With the excitement surrounding Washington State Cougars Men’s Basketball stemming from Klay Thompson’s jersey retirement—and the sweep of the Oregon schools—it may be time to analyze this team’s forceful leader in CJ Elleby. Thompson is often regarded as the best basketball player to come from WSU, but Elleby is likely a future NBA player in his own right. Let’s figure out who he is before be goes big time.
Reigning from Seattle, WA, he is a six-foot-six, 200-pound forward with a never-ending motor. He is one of those guys you love to play with if he’s on your team, and are likely to show respect too if he’s your opposition.
It was obvious from his freshman year that he was a talented player, but he wasn’t the first option last season because of the skillful big-man shooter Robert Franks. Nevertheless, Elleby still finished with 14.7 points per game, 7.1 rebounds, and three assists. Those are quite phenomenal stats for anyone, let alone a freshman.

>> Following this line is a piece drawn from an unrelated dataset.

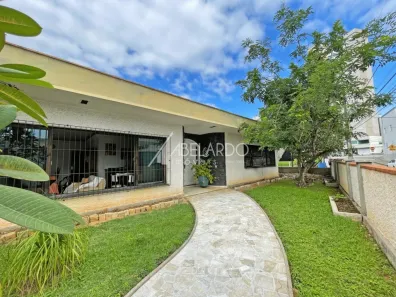 Casa com 3 Quartos à venda, 251m² no Velha, Blumenau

With all the changes in the program in the offseason with the Ernie Kent firing and subsequent hiring of Kyle Smith, Elleby decided to test the NBA Draft waters. After deciding he wasn’t quite ready for the pro ranks just yet, he returned to Pullman for his sophomore year.
As the season began, he quickly asserted himself as the best player on WSU’s roster, dominating most opponents in non-conference play. After a rocky 3-4 start, the Cougs reeled off six straight wins to pull themselves to a 9-4 record before Pac-12 play. At many times, he was the only consistent scoring threat WSU had on the floor.
Upon conference play, he struggled to find his scoring identity against better competition. He only put up nine points against USC and shot 13.6 percent from the field. Against UCLA, he scored 15 points on 30.8 percent shooting. It appeared that he may not be ready for the spotlight just yet.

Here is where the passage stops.